Advanced debugging tools#

If you reached here, you want to dive into, or use, more advanced tooling. This is usually not necessary for first-time contributors and most day-to-day development. These are used more rarely, for example close to a new NumPy release, or when a large or particular complex change was made.

Some of these tools are used in NumPy’s continuous integration tests. If you see a test failure that only happens under a debugging tool, these instructions should hopefully enable you to reproduce the test failure locally.

Since not all of these tools are used on a regular basis and only available on some systems, please expect differences, issues, or quirks; we will be happy to help if you get stuck and appreciate any improvements or suggestions to these workflows.

Finding C errors with additional tooling#

Most development will not require more than a typical debugging toolchain as shown in Debugging. But for example memory leaks can be particularly subtle or difficult to narrow down.

We do not expect any of these tools to be run by most contributors. However, you can ensure that we can track down such issues more easily:

  • Tests should cover all code paths, including error paths.

  • Try to write short and simple tests. If you have a very complicated test consider creating an additional simpler test as well. This can be helpful, because often it is only easy to find which test triggers an issue and not which line of the test.

  • Never use np.empty if data is read/used. valgrind will notice this and report an error. When you do not care about values, you can generate random values instead.

This will help us catch any oversights before your change is released and means you do not have to worry about making reference counting errors, which can be intimidating.

Python debug build#

Debug builds of Python are easily available for example via the system package manager on Linux systems, but are also available on other platforms, possibly in a less convenient format. If you cannot easily install a debug build of Python from a system package manager, you can build one yourself using pyenv. For example, to install and globally activate a debug build of Python 3.13.3, one would do:

pyenv install -g 3.13.3
pyenv global 3.13.3

Note that pyenv install builds Python from source, so you must ensure that Python’s dependencies are installed before building, see the pyenv documentation for platform-specific installation instructions. You can use pip to install Python dependencies you may need for your debugging session. If there is no debug wheel available on pypi, you will need to build the dependencies from source and ensure that your dependencies are also compiled as debug builds.

Often debug builds of Python name the Python executable pythond instead of python. To check if you have a debug build of Python installed, you can run e.g. pythond -m sysconfig to get the build configuration for the Python executable. A debug build will be built with debug compiler options in CFLAGS (e.g. -g -Og).

Running the Numpy tests or an interactive terminal is usually as easy as:

python3.8d runtests.py
# or
python3.8d runtests.py --ipython

and were already mentioned in Debugging.

A Python debug build will help:

  • Find bugs which may otherwise cause random behaviour. One example is when an object is still used after it has been deleted.
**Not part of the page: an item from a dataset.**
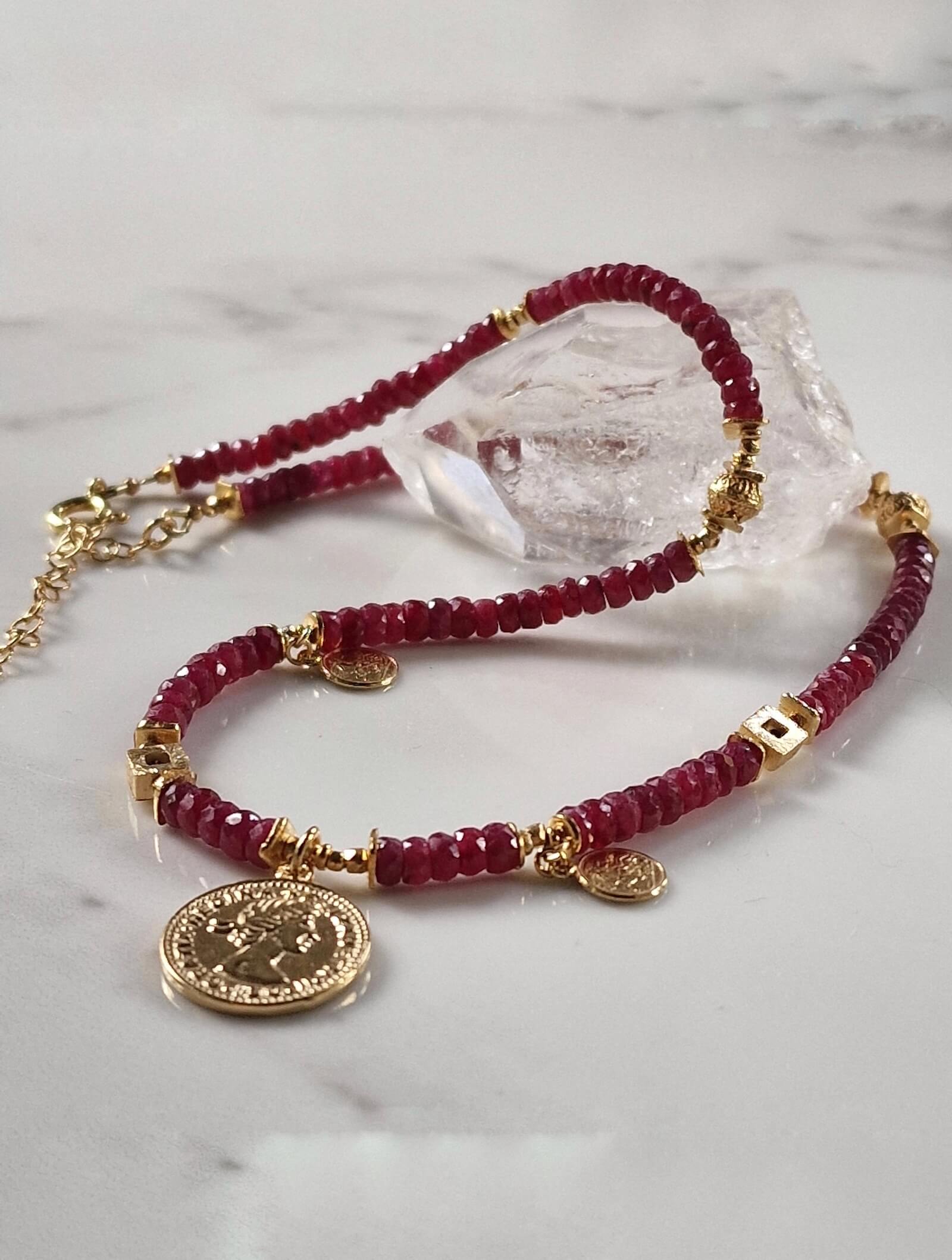 Naszyjnik z Rubinów z Zawieszką - Moneta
  • Python debug builds allows to check correct reference counting. This works using the additional commands:

    sys.gettotalrefcount()
    sys.getallocatedblocks()
    
  • Python debug builds allow easier debugging with gdb and other C debuggers.

Use together with pytest#

Running the test suite only with a debug python build will not find many errors on its own. An additional advantage of a debug build of Python is that it allows detecting memory leaks.
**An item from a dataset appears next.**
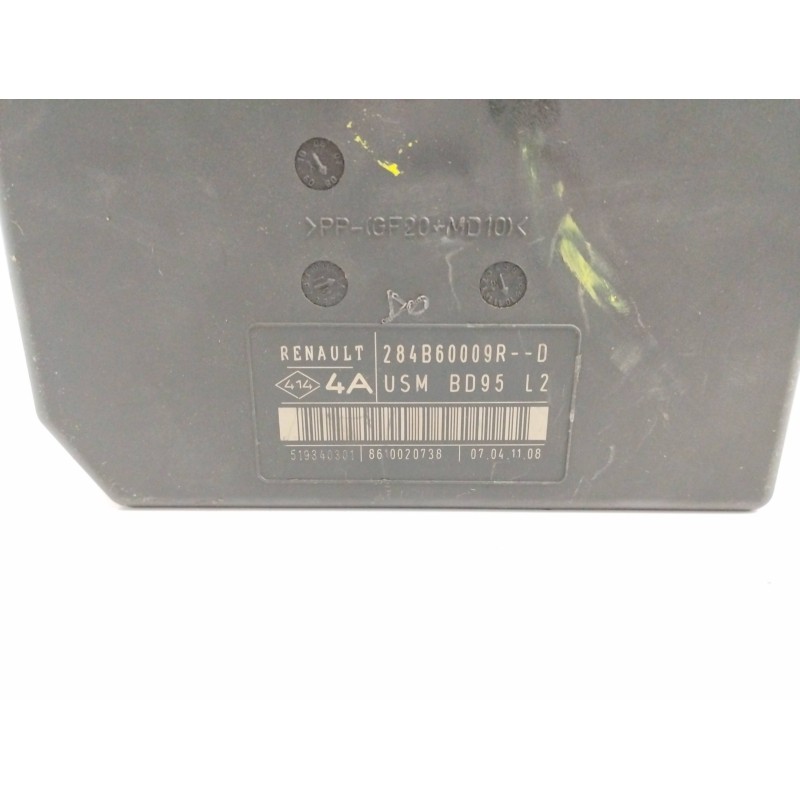 CAJA RELES / FUSIBLES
A tool to make this easier is pytest-leaks, which can be installed using pip. Unfortunately, pytest itself may leak memory, but good results can usually (currently) be achieved by removing:

@pytest.fixture(autouse=True)
def add_np(doctest_namespace):
    doctest_namespace['np'] = numpy

@pytest.fixture(autouse=True)
def env_setup(monkeypatch):
    monkeypatch.setenv('PYTHONHASHSEED', '0')

from numpy/conftest.py (This may change with new pytest-leaks versions or pytest updates).
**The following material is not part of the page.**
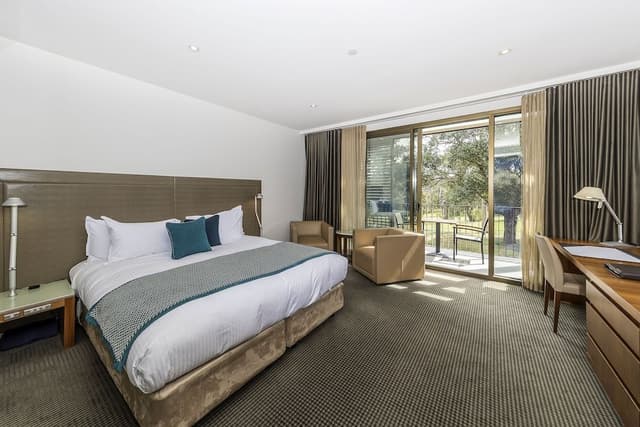 Lawn View Room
This allows to run the test suite, or part of it, conveniently:

python3.8d runtests.py -t numpy/_core/tests/test_multiarray.py -- -R2:3 -s

where -R2:3 is the pytest-leaks command (see its documentation), the -s causes output to print and may be necessary (in some versions captured output was detected as a leak).

Note that some tests are known (or even designed) to leak references, we try to mark them, but expect some false positives.

valgrind#

Valgrind is a powerful tool to find certain memory access problems and should be run on complicated C code. Basic use of valgrind usually requires no more than:

PYTHONMALLOC=malloc valgrind python runtests.py

where PYTHONMALLOC=malloc is necessary to avoid false positives from python itself. Depending on the system and valgrind version, you may see more false positives. valgrind supports “suppressions” to ignore some of these, and Python does have a suppression file (and even a compile time option) which may help if you find it necessary.

Valgrind helps:

  • Find use of uninitialized variables/memory.

  • Detect memory access violations (reading or writing outside of allocated memory).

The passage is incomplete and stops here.